### Input records

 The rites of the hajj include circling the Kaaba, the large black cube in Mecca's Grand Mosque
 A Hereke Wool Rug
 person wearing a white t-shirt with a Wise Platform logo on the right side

* * *

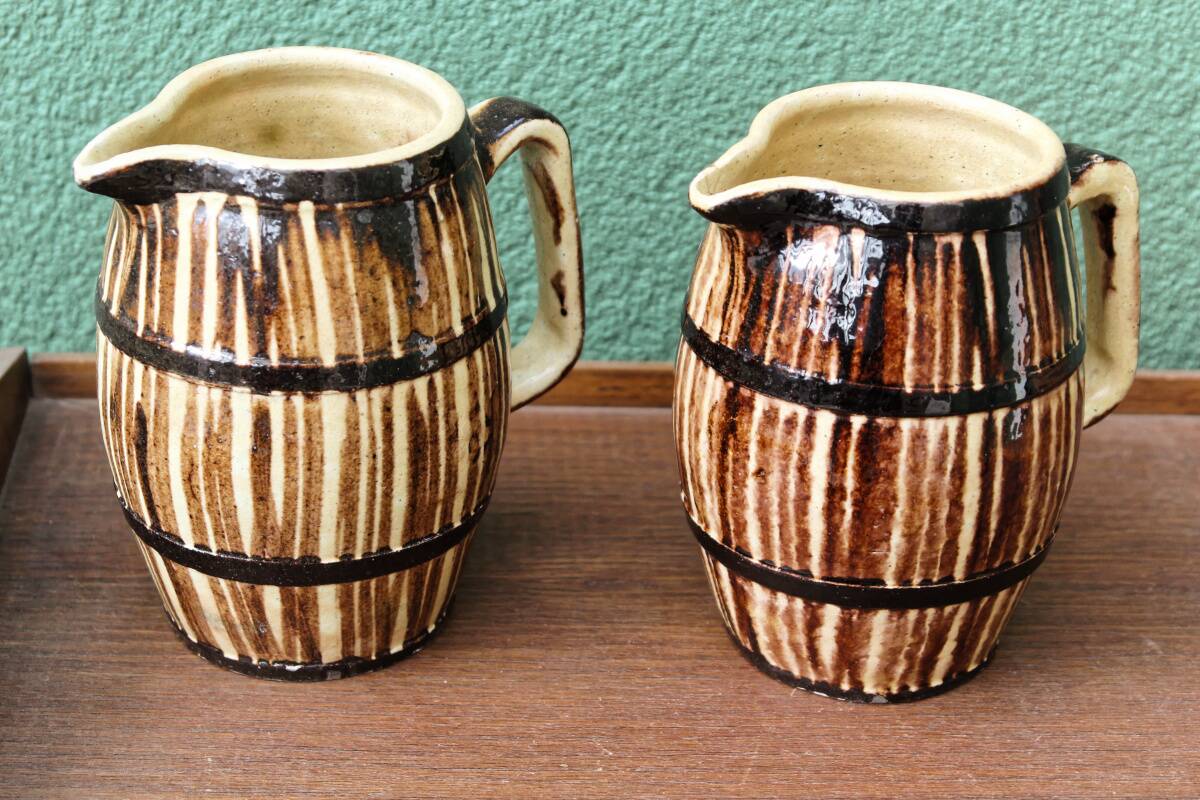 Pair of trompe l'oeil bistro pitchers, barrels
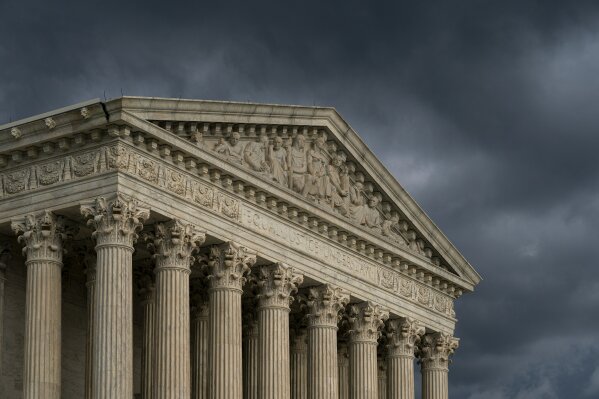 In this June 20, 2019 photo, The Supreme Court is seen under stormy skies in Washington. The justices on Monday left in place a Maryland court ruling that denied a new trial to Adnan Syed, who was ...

* * *

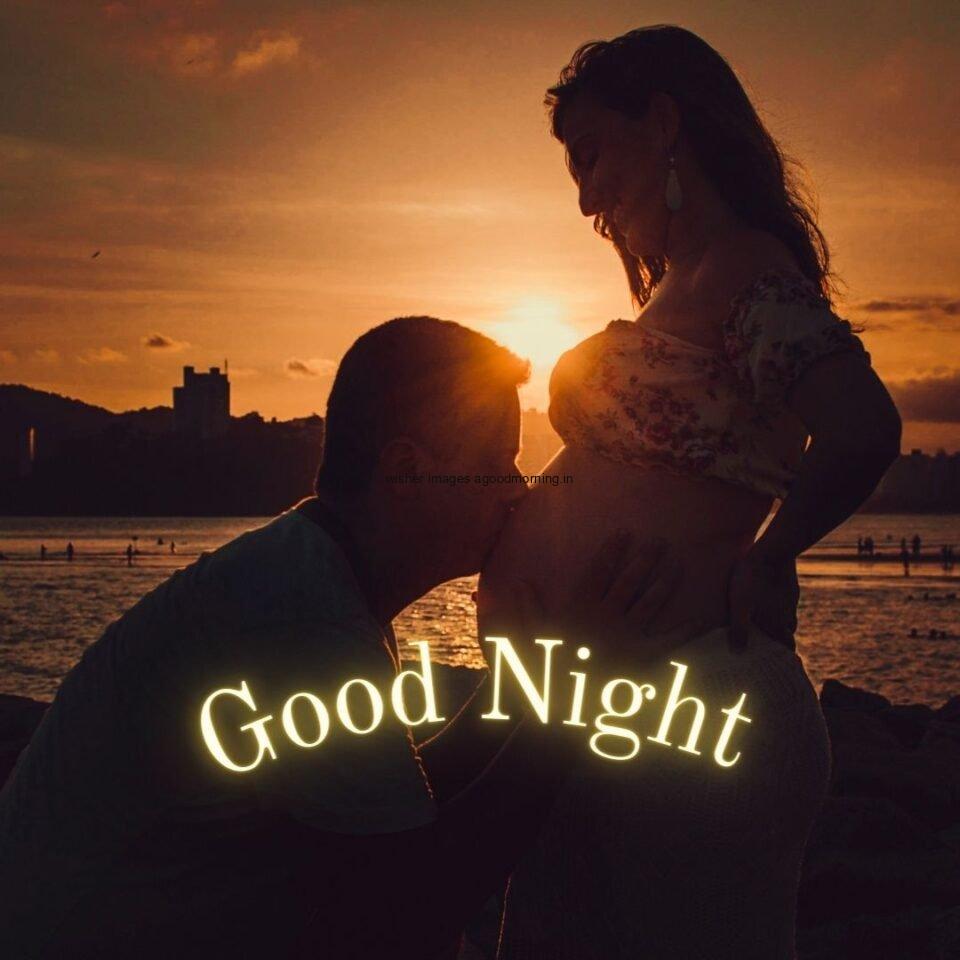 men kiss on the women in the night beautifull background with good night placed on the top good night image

### Work required
The response should hold exactly the lines starting at the line with "The rites of" and ending at the line with "person wearing a", and no other line of the material above.

### Your response
 The rites of the hajj include circling the Kaaba, the large black cube in Mecca's Grand Mosque
 A Hereke Wool Rug
 person wearing a white t-shirt with a Wise Platform logo on the right side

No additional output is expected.